Three air launch concepts for suborbital vehicle systems could gain European Union funding, as a similar project ending this October proposes a costed Airbus A330-200 freighter launch platform demonstration.
The three concepts for the proposed €11 million ($15.2 million) FAST20XX project are the two-stage Spaceliner from German aerospace centre DLR, a single-stage design by the UK company Gas Dynamics and another German proposal involving a manned version of the DLR's automatic glide and landing Phoenix test vehicle - to be launched from an Antonov's rear cargo door. The FAST20XX project proposal is awaiting approval for the EU's Seventh Framework programme.
"The modified Phoenix would use a hybrid rocket and carry four passengers and one pilot.

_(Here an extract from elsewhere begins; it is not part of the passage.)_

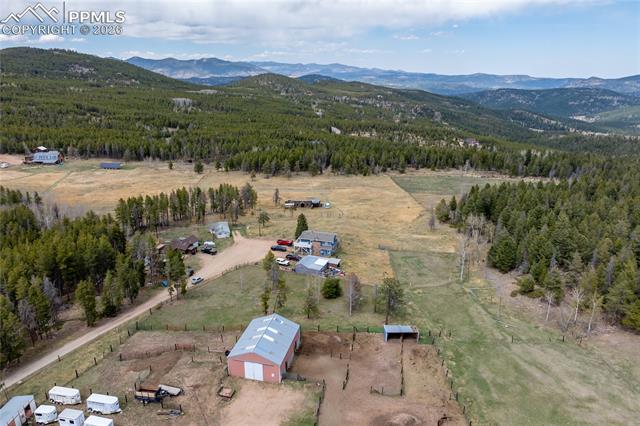 Photo 6 of 31511 Shadow Mountain Drive, Conifer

A larger version could carry five or six passengers, but we could only fit three of those in the Antonov, instead of four," says FAST20XX participant Harry Idrim, a partner in the Berlin-based consultancy, Aerospace Institute.
With its final report submission in October the 12-month, €127,000 "Future high altitude flight - an attractive commercial niche?" (Flacon) project, managed by the European Space Agency, will give a rough cost estimate for a flight demonstration involving an A330-200F.
That demonstration is for the 14.2m (46.5ft)-long, 20,000kg (44,000lb) mass EADS Astrium proposed Bremen Engineering Operations Science suborbital vehicle being deployed from the top of an A330-200F at 32,700ft at a speed of 521kt (964km/h).
"A demonstration is possible and affordable," says ESA's Flacon co-ordinator Wilhelm Kordulla.